> Task directions
Exactly the lines below, starting with the one containing "欧洲五大联赛共有多少支球队 一文看懂五大联赛球队数量与赛制差异" and going on through the one containing "black and white", must be reproduced, both ends included, and no pictures with them.

> Given records
▶
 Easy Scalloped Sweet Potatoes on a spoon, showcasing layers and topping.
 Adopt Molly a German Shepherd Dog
◀
▶
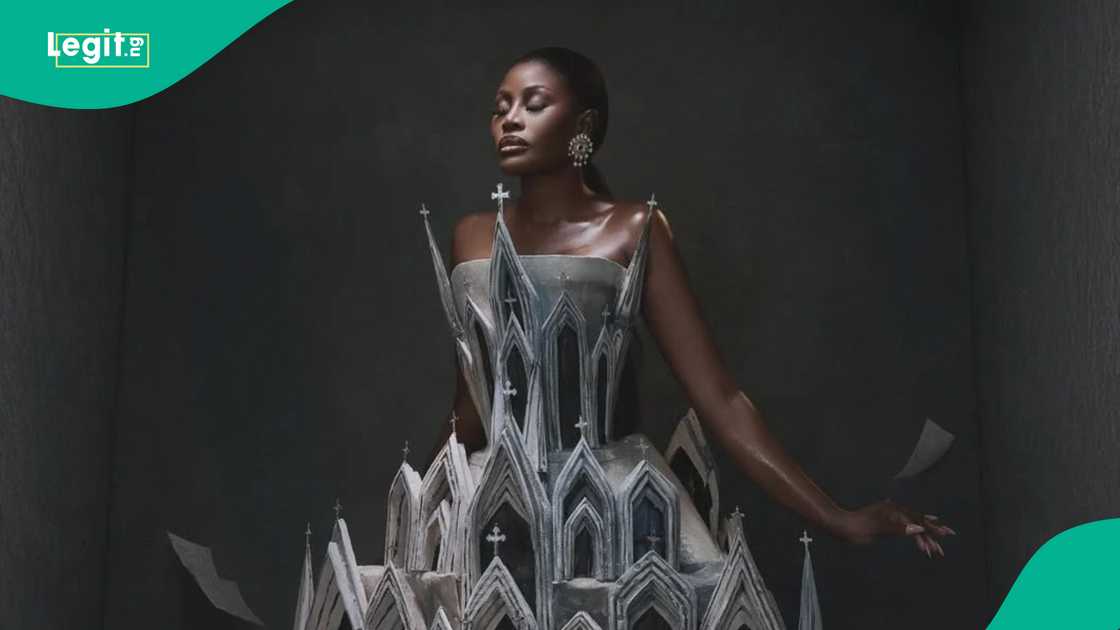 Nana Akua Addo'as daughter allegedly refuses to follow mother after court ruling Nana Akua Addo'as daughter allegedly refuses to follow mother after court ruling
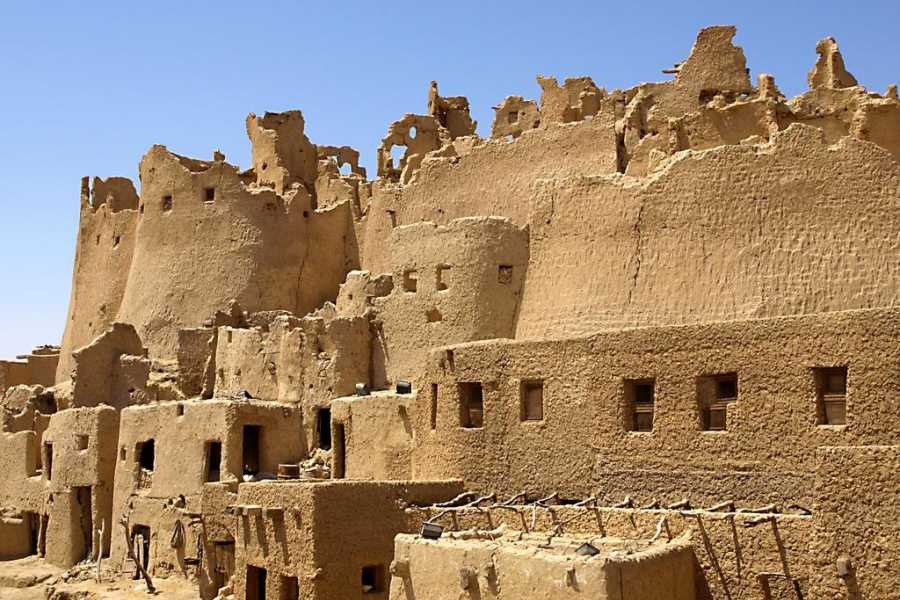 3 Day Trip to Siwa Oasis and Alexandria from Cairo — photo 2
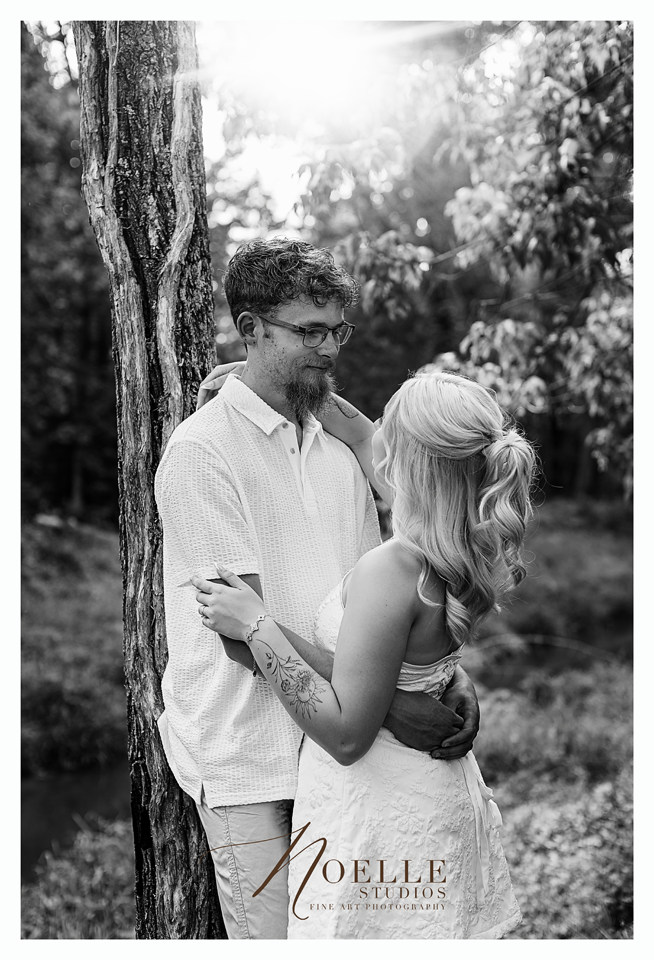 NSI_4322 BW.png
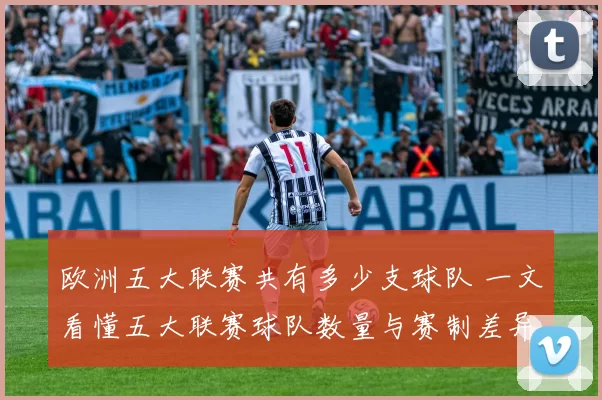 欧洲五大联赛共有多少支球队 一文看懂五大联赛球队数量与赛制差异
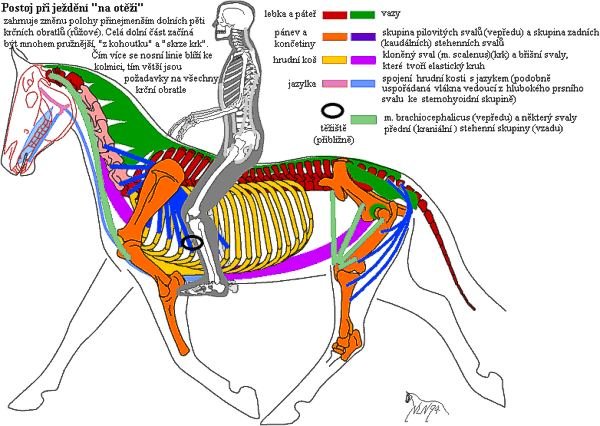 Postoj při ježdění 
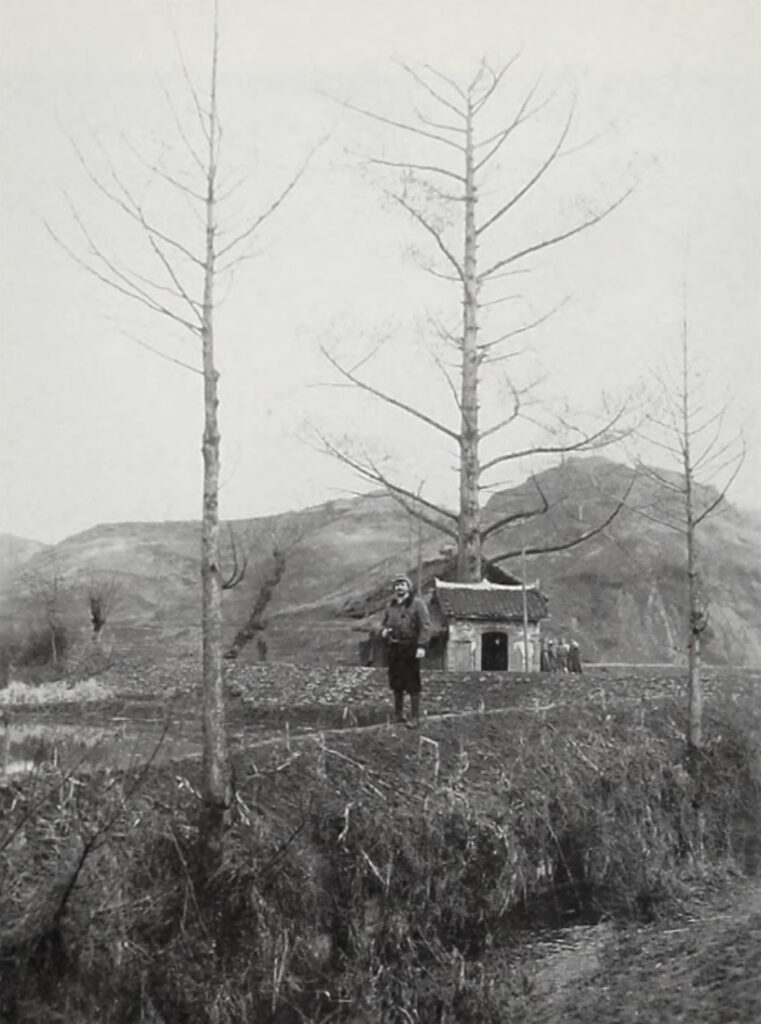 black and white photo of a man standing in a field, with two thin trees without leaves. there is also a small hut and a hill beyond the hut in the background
◀
> Your response
 欧洲五大联赛共有多少支球队 一文看懂五大联赛球队数量与赛制差异
 Postoj při ježdění 
 black and white photo of a man standing in a field, with two thin trees without leaves. there is also a small hut and a hill beyond the hut in the background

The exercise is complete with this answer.